There has been a notable increase in migration from Nicaragua toward the United States in recent months. According to an Associated Press review of Customs and Border Statistics, the number of Nicaraguans who have been picked up by Border Patrol during the current fiscal year is 33,000, with 7,325 encounters just in June and 13,000 arriving in July [Note: Updated figures with graphs at end of post]. This represents a significant increase over recent migration from Nicaragua. Indeed, for most of the period since the Sandinistas returned to power in 2006, annual encounters of Border Patrol with Nicaraguans hovered around 1,000.

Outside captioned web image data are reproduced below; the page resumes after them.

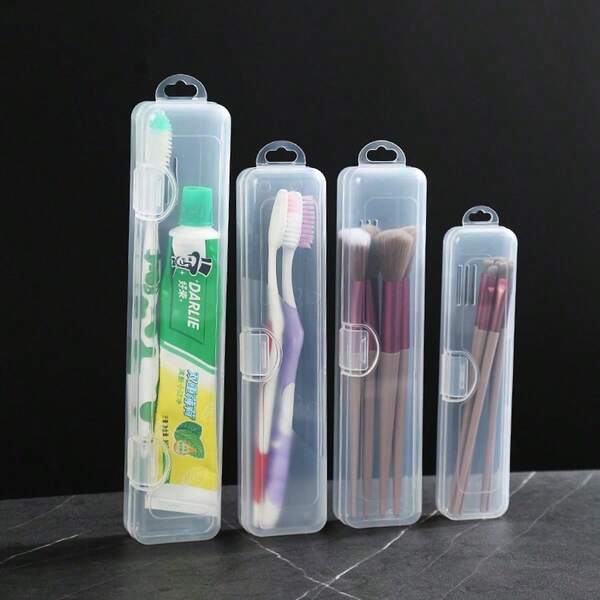 1pc Transparent Plastic Storage Box, Portable Cutlery Box With Hook, Makeup Box, Toothbrush & Toothpaste Storage Box, Straw Box, Spoon & Fork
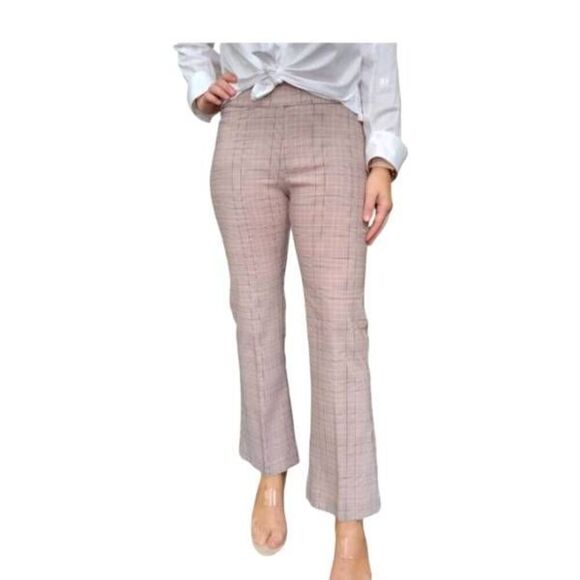 NWT  AVENUE MONTAIGNE Leo crop flare pants in tan plaid sz 12 - Picture 1 of 6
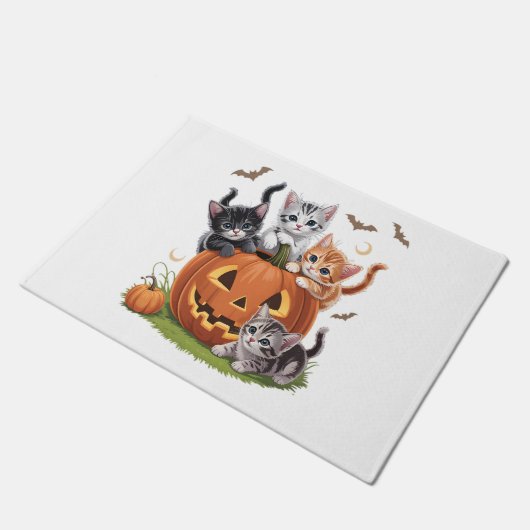 90s Cat Pumpkin Halloween Bloemen Spooky Seizoen Deurmat (Schuin)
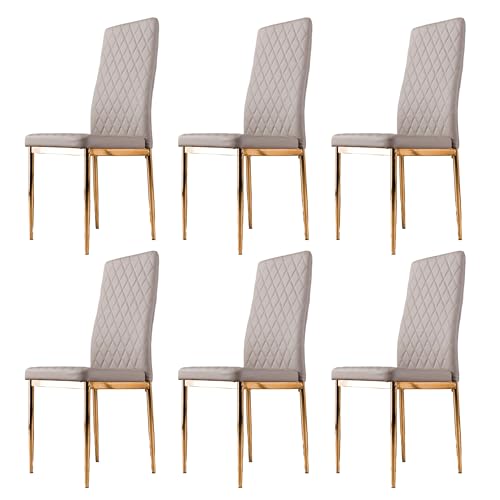 Furniturebox UK Dining Chairs - Milan Modern Stylish Gold Hatched Diamond Faux Leather Dining Seats Set (6x Cappuccino Grey Milan Gold Chairs)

The only reason for the increase in migration from Nicaragua explored in AP and Reuters investigations is the claim that people are fleeing political persecution. This has become the latest media narrative on Nicaragua – i.e., a political crackdown is leading to an exodus from Nicaragua. Like many other narratives over the last three years, this is not really true, or, at least it is far from the whole story. It is true that there has been a spate of arrests of political opposition figures since June. One can argue about the validity of these arrests, but they’ve clearly happened and have been widely condemned outside the country. There has also been an increase in people leaving Nicaragua, represented by an increase in people arriving at the US/Mexico border. The fact that both things are happening does not mean one is causing the other, as anyone who survived a freshman statistics class can tell you – correlation is not causation.

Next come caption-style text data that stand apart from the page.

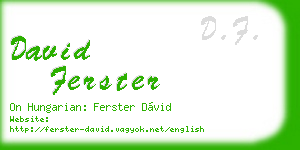 david ferster business card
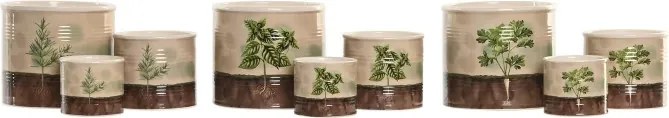 Set 3 ghivece decorative pentru plante aromatice din ceramică, 13,5×13,5×11,5 cm, „Herboria"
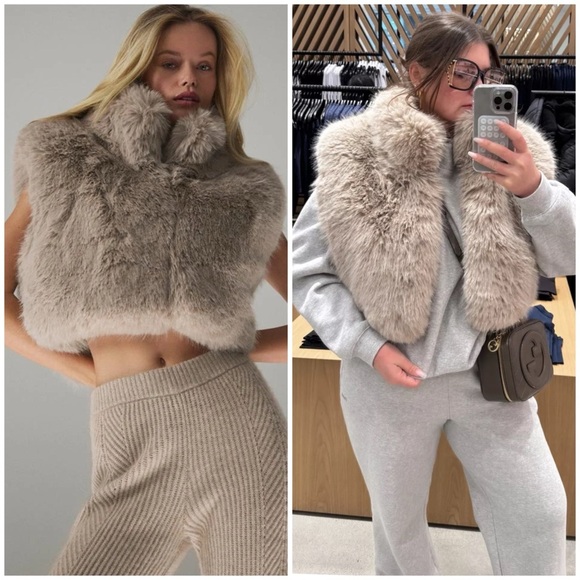 ALO YOGA Opulent Faux Fur Cropped Vest in Oat Beige SZ L - Picture 2 of 11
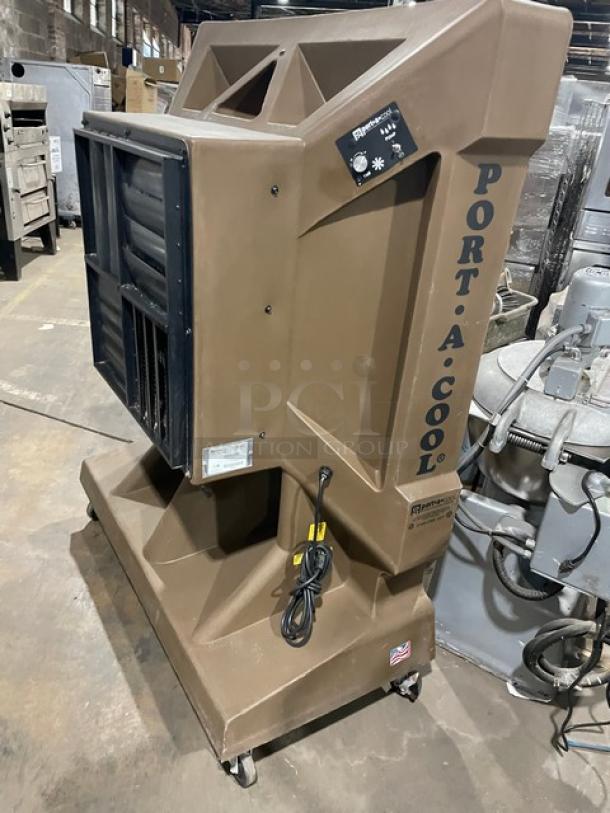 Port-A-Cool Jet Stream 2400 Series PACJS2400 evaporative cooler, 115V, on casters, brown, commercial grade, SN: 260860-11.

The increase in people seeking asylum from Nicaragua is undeniable. Since the political crisis erupted in April of 2018, the number of Nicaraguans seeking asylum around the world has risen dramatically. In 2015, for example, the number of people from Nicaragua seeking asylum across the globe was 1,232; in 2017 it was 2,722. In 2018, however, the number jumped to 32,000 and then peaked in 2019 at 67,000. The number of asylum seekers has actually fallen since. The majority of these claims have occurred in Costa Rica, with significant numbers of people also seeking asylum in Spain, Mexico, Panama, and the United States. While there was an increase in border crossings in the United States during the 2018-2019 crisis, it was far below the current bump – and the situation was far more volatile then.  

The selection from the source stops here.